WORLD> Africa
Congo soldiers fleeing Goma along with refugees
(Agencies)
Updated: 2008-10-30 09:55

The UN says its biggest peacekeeping mission, a 17,000-strong force, is now stretched to the limit with the surge in fighting and needs more troops quickly. India, Pakistan, Bangladesh, Uruguay and South Africa are the main contributors to the existing force.

Thousands of civilians have fled fresh fighting in the eastern Democratic Republic of Congo. Rebels in the Democratic Republic of Congo closed on the strategic eastern city of Goma, sparking chaotic scenes as government forces and 45,000 refugees scrambled to leave. [Agencies]

But hopes for immediate backup from the European Union dimmed. French Foreign Minister Bernard Kouchner said Wednesday the EU had considered sending troops to reinforce the peacekeepers in Congo but some countries refused.

Fears have grown of a wider war that could drag in Congo's neighbors. Congo suffered back-to-back wars from 1996 to 2002 that embroiled eight African nations and became a rush at the country's vast mineral wealth.

The unrest in eastern Congo has been fueled by festering hatreds left over from the 1994 Rwandan genocide, in which half a million Tutsis were slaughtered. More than a million Hutu extremists fled to Congo where they regrouped in a brutal militia that helps fuel the continuing conflict in Congo.

Rebel leader Nkunda, an ethnic Tutsi and former general, quit the army several years ago, claiming the government of President Joseph Kabila was not doing enough to protect minority Tutsis from the Hutu extremists.

On Wednesday, retreating government soldiers entered Goma along with the fleeing refugees, grabbing cars, taxis and motorbikes to help in their escape.

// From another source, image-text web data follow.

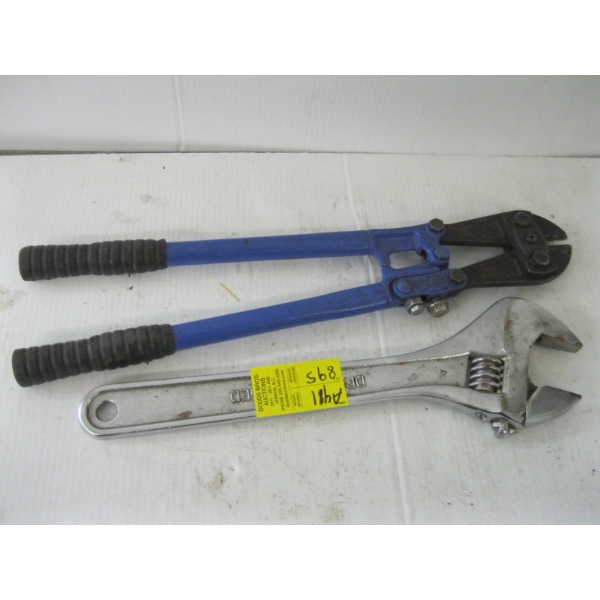 SET OF BOLT CUTTERS & A HEAVY DUTY 15" CRESCENT WRENCH
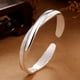 thumbnail image 1 of Brazalete de barra de plata de ley 925 maciza para mujer, pulseras de plata delicadas, pulsera abierta Mobius plateada, regalo del día de San Valentín para niñas, 1 of 5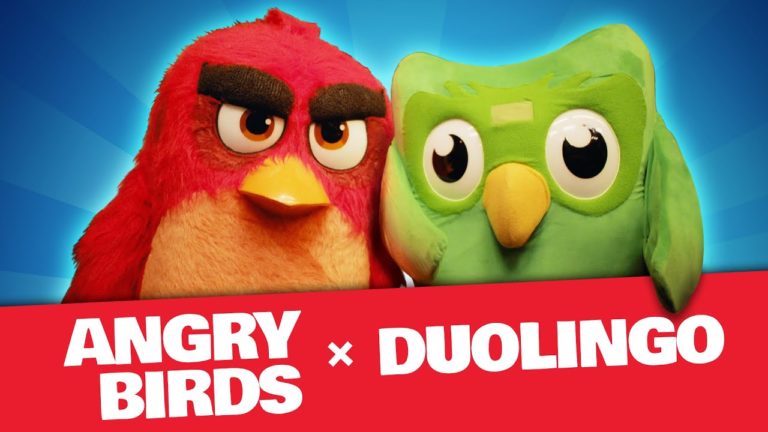 Red and Duo team up in an Angry Birds x Duolingo crossover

About 15 soldiers briefly commandeered a car carrying an AP cameraman and photographer and demanded to be driven about 50 miles to the town of Saki.

"I'll kill you! I'll kill you!" yelled one soldier in front of an airfield near downtown Goma.

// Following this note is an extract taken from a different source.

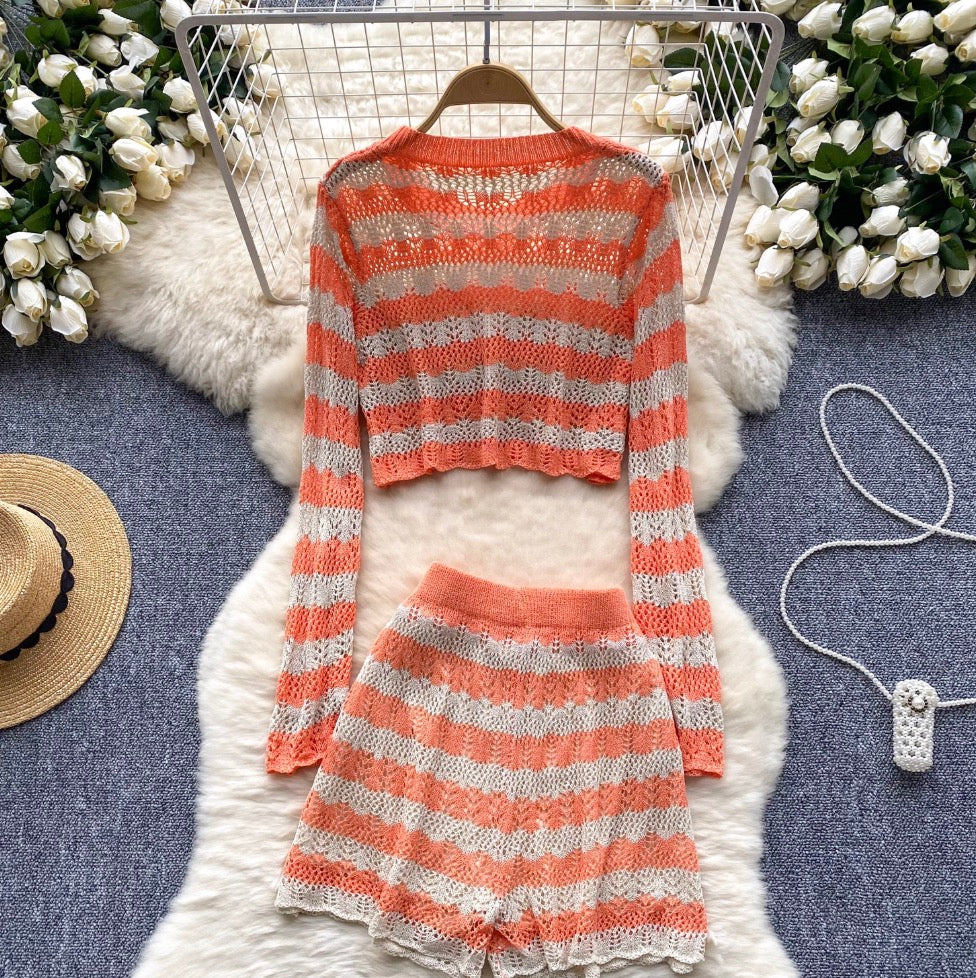 Striped Hollowed Knitwear & Shorts 2Pcs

The soldiers grabbed boxes that looked like ammunition from the UN compound at the airport, piled them into the SUV and took off. Some of the soldiers piled onto the roof, others hung from open doors. The journalists finally managed to get away, jumping out of the moving vehicle at a military police checkpoint.

On another battlefront further north, government soldiers abandoned the town of Rutshuru and tens of thousands or refugees fled, according to UN officials and aid workers.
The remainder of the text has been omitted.